Home > The Screwtape Letters(18)

The Screwtape Letters(18)
Author: C.S. Lewis

I do not know whether he is likely to meet the girl under conditions of strain or not. If he does, make full use of the fact that up to a certain point, fatigue makes women talk more and men talk less. Much secret resentment, even between lovers, can be raised from this.
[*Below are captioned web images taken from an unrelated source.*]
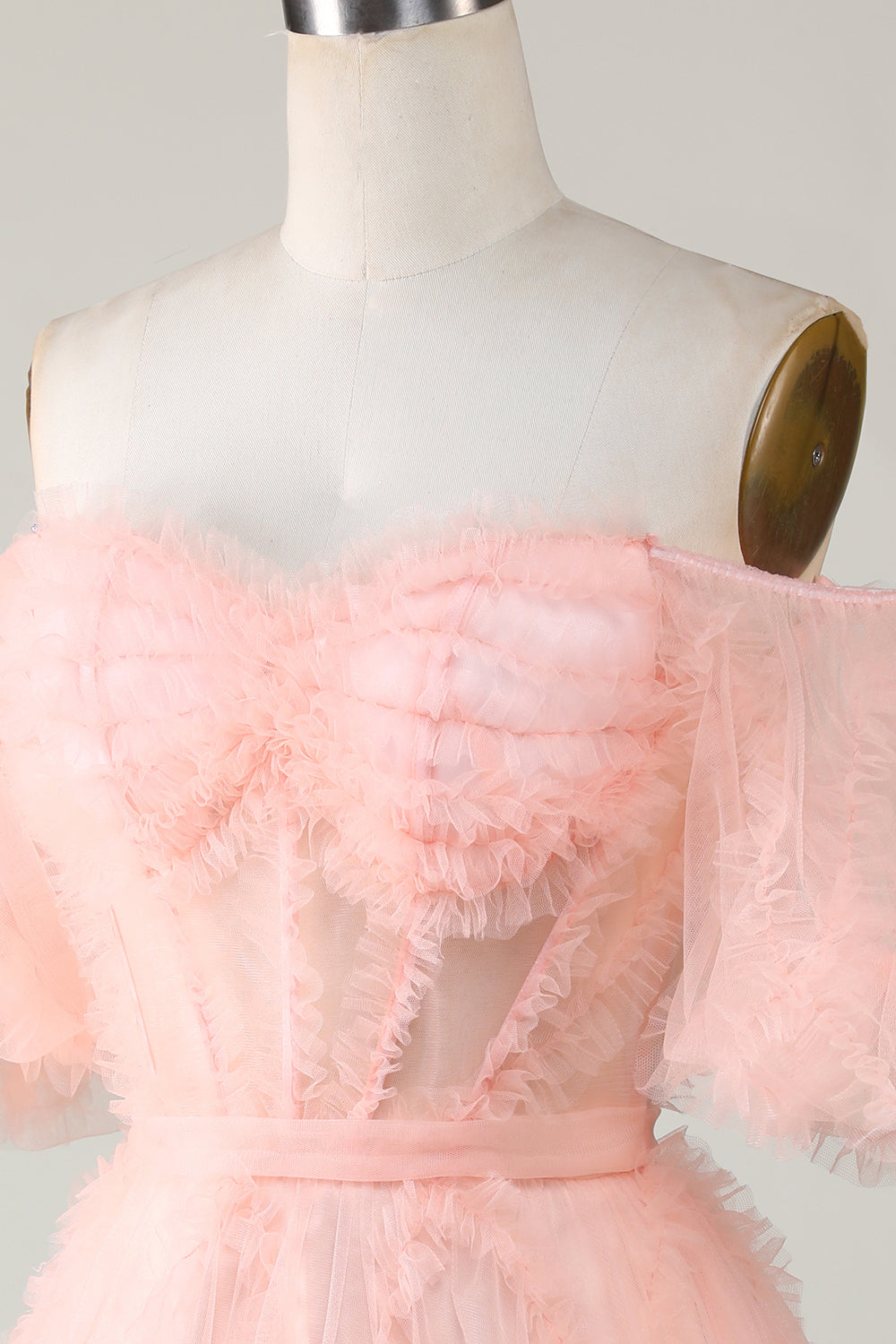 Blush Pink Tulle Off-Shoulder A-Line Short Homecoming Party Dress Gown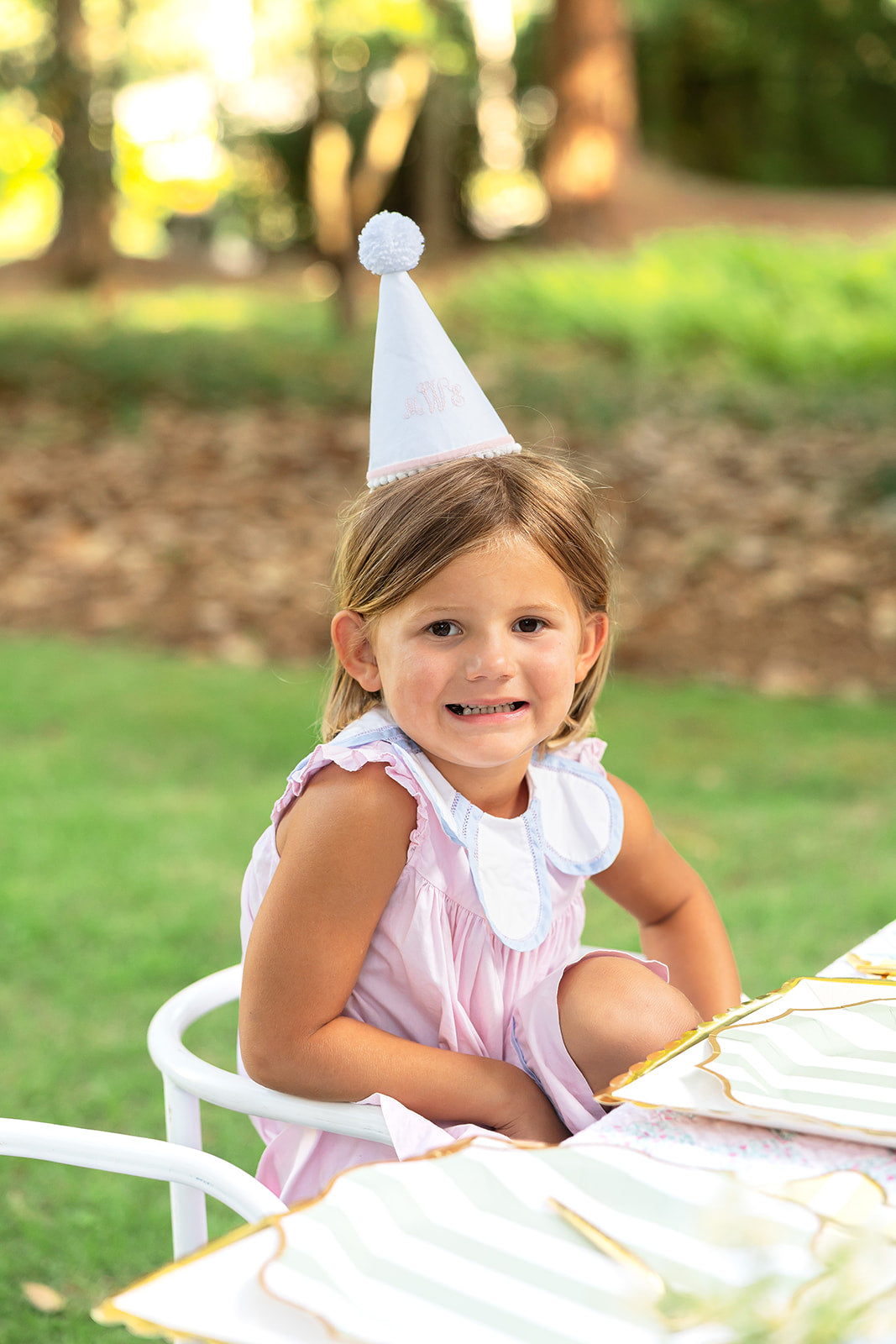 Scroll Monogram Hand Stitched Party Hat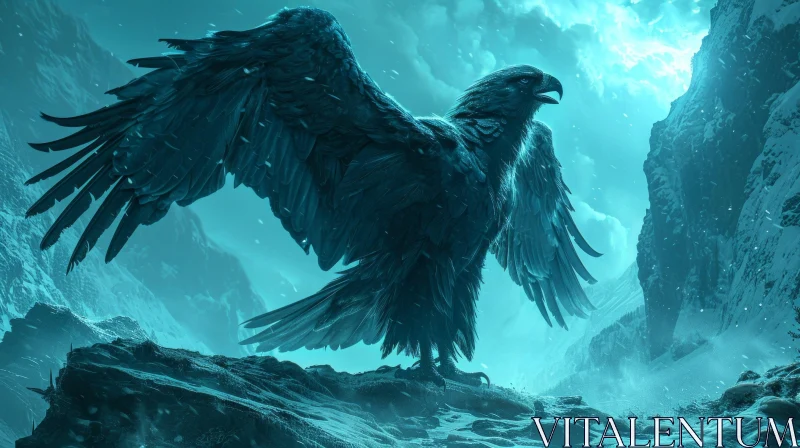 Majestic Eagle in Snowy Mountain Landscape AI Image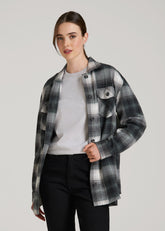 American Tall Online Shop | Flannel Shacket for Tall Women in Balsam Green Plaid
Probably the scenes he is now witnessing will not provide material for an intellectual attack on his faith - your previous failures have put that out of your power. But there is a sort of attack on the emotions which can still be tried. It turns on making him feel, when first he sees human remains plastered on a wall, that this is "what the world is really like" and that all his religion has been a fantasy. You will

notice that we have got them completely fogged about the meaning of the word "real"'. They tell each other, of some great spiritual experience, "All that really happened was that you heard some music in a lighted building"; here "Real" means the bare physical facts, separated from the other elements in the experience they actually had. On the other hand, they will also say "It's all very well discussing that high dive as you sit here in an armchair, but wait till you get up there and see what it's really like": here "real" is being used in the opposite sense to mean, not the physical facts (which they know already while discussing the matter in armchairs) but the emotional effect those facts will have on a human consciousness. Either application of the word could be defended; but our business is to keep the two going at once so that the emotional value of the word "real" can be placed now on one side of the account, now on the other, as it happens to suit us. The general rule which we have now pretty well established among them is that in all experiences which can make them happier or better only the physical facts are "Real" while the spiritual elements are "subjective"; in all experiences which can discourage or corrupt them the spiritual elements are the main reality and to ignore them is to be an escapist. Thus in birth the blood and pain are "real", the rejoicing a mere subjective point of view; in death, the terror and ugliness reveal what death "really means". The hatefulness of a hated person is "real" - in hatred you see men as they are, you are disillusioned; but the loveliness of a loved person is merely a subjective haze concealing a "real" core of sexual appetite or economic association. Wars and poverty are "really" horrible; peace and plenty are mere physical facts about which men happen to have certain sentiments. The creatures are always accusing one another of wanting "to cat the cake and have it"; but thanks to our labours they are more often in the predicament of paying for the cake and not eating it. Your patient, properly handled, will have no difficulty in regarding his emotion at the sight of human entrails as a revelation of Reality and his emotion at the sight of happy children or fair weather as mere sentiment,

Your affectionate uncle

SCREWTAPE

Chapter 31

XXXI

MY DEAR, MY VERY DEAR, WORMWOOD, MY POPPET, MY PIGSNIE,

How mistakenly now that all is lost you come whimpering to ask me whether the terms of affection in which I address you meant nothing from the beginning. Far from it! Rest assured, my love for you and your love for me are as like as two peas. I have always desired you, as you (pitiful fool) desired me. The difference is that I am the stronger. I think they will give you to me now; or a bit of you. Love you? Why, yes. As dainty a morsel as ever I grew fat on.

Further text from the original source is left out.